MARBLEHEAD – Jason Garry, the Jewish Community Center of the North Shore’s facilities director, has been drawn to fixing things for most of his life.
With the center’s maintenance staff underutilized because of the coronavirus pandemic and members shying away from using the center, the Beverly resident came up with the bright idea to create a “Handyman Help at Home” service to keep workers busy.
Got a shed that needs to be built, a ceiling that needs to be patched, a room that needs to be painted, a basement that need to be cleaned out, or a door that needs to be removed? The center’s maintenance staff is now making house calls at $35 an hour.
The program may be just the right fix to help the center and Garry’s staff build a bridge to the new normal and allow some of them to avoid unemployment, he said.
Garry, 43, is a Beverly native and married father of an 11-year-old son and a 12-year-old daughter. And while he’s not Jewish, he has learned quite a bit about the faith since starting at the center eight years ago.
“I didn’t know what a sukkah was, you know, so now I do,” Garry laughed. “We build a beautiful one every year.”
After high school, Garry earned a degree from Salem State University in public relations, but his career path took him in a different direction.
“If something is broken, I’m always drawn to fixing it,” he said.
During college, he worked part time for Beverly contractor David Sabatini, learning the trade while earning a degree.
Also while at Salem State, he worked at the Enterprise Center, a business incubator on campus, doing PR and marketing for the Salem Trolley. However, he was also drawn to figuring out how the trolleys operate, and learning about their maintenance, repair, and design.
After college, Garry helped build houses with Sabatini and also worked in facilities maintenance for the North Shore Music Theatre in Beverly, where he met some famous people, including Willie Nelson and Kenny Rogers. He started his own small construction company, and after that, he helped maintain the Rose Kennedy Greenway in Boston.
Then, he spotted an ad for the facilities director’s job at the Jewish Community Center in Marblehead, which was closer to home and would reduce his commute.
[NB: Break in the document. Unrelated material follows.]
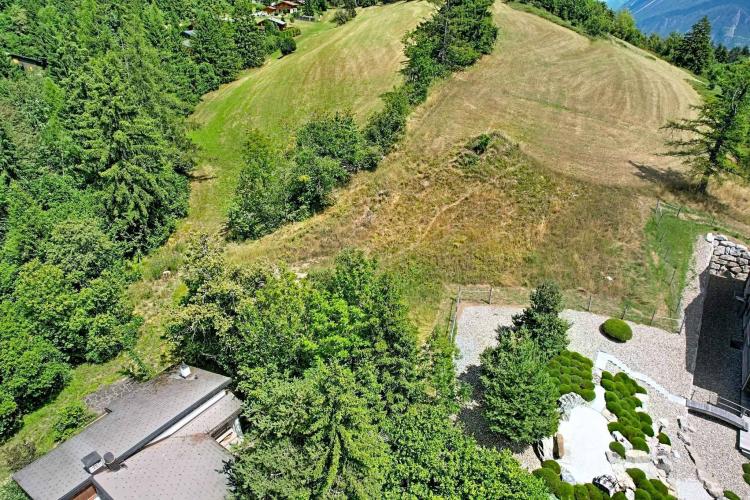 Parcelle d'exception avec permis de construire en force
With the JCC struggling to make ends meet during the pandemic, Garry proposed the handyman program to executive director Marty Schneer and chief financial officer Tom Cheatham, who said he was “tickled” by the idea.
“First of all, it turns a dollar,” said Cheatham. “We are losing money every day, that is the reality.” He described the program as a “bright light” that has generated about $10,000 in gross receipts since its inception two months ago.
“I think it’s like helping yourself and helping the J at the same time,” Cheatham said.
Garry said there are about seven or eight workers who are part of the program, four who work at the center.
Garry also draws from subcontractors to help on jobs, and he does a lot of the work himself.
“We have a cleaning company that we use here, but there is also a couple of those guys that are capable of doing things. So, we pull those guys in as needed and then we use our guys as needed,” Garry said.
“The greatest part is, in my opinion, is keeping our guys going during this time. Because, ultimately, when we get back to where we were, hopefully soon, these guys will keep their hours and stay employed by the center. If it wasn’t for this handyman operation, two out of the four guys that I talked about would have had hours cut or been laid off.”
One satisfied customer is Marlaine Potter, a Marblehead resident and JCCNS member. “I was very happy, from the get-go,” said Potter, who responded to an email promotion about the handyman program. Before Thanksgiving, Potter said she contacted Garry, who got back to her right away and came over to look at the job and provide her with an estimate.
At the time, the case numbers for COVID-19 were going down.
She said workers wore masks and practiced social distancing as they painted a bedroom and removed an extra door in the room. They installed drywall to cover the door opening, and installed baseboard trim on both sides of the new wall.
“Jason gave me an estimate and they stayed true to their estimate. They were great,” Potter said.
Garry said after the pandemic is over, he hopes the handyman program will continue.
“If we need to hire a couple more guys to fill that need, that would be amazing, because we are putting more people on our staff and that means more growth and the economy is doing great and we’re doing great,” Garry said.